** TASK **
In the data below, locate the line containing "Vinduet med vestrosen" and the line containing "Германия отива на", then retype both and everything between them exactly. Pictures are not part of the copy.

** AVAILABLE DATA **

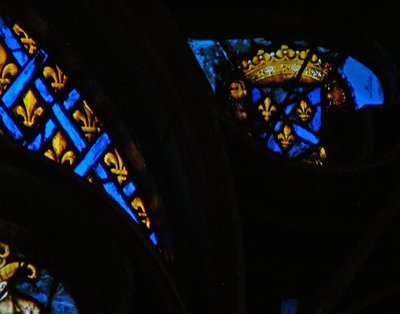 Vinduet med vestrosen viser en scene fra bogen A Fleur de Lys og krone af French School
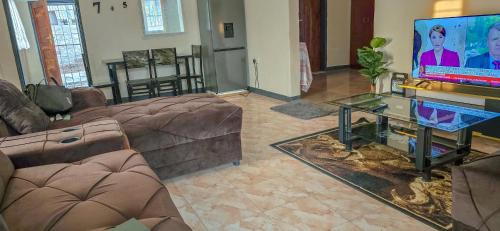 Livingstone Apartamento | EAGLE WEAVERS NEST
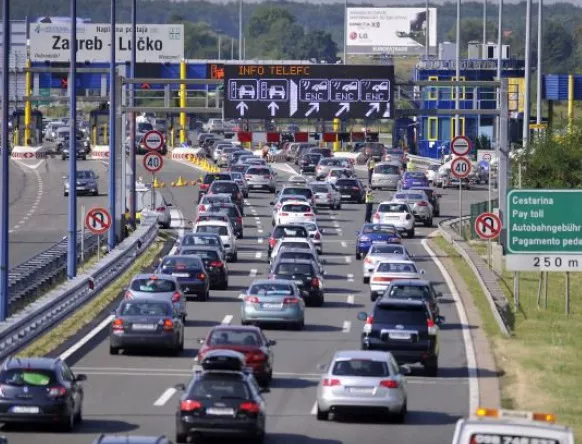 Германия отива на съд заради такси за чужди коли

--

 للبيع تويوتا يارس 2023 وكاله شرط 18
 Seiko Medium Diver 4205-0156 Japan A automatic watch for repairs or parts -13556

** RESPONSE TO THIS TASK **
 Vinduet med vestrosen viser en scene fra bogen A Fleur de Lys og krone af French School
 Livingstone Apartamento | EAGLE WEAVERS NEST
 Германия отива на съд заради такси за чужди коли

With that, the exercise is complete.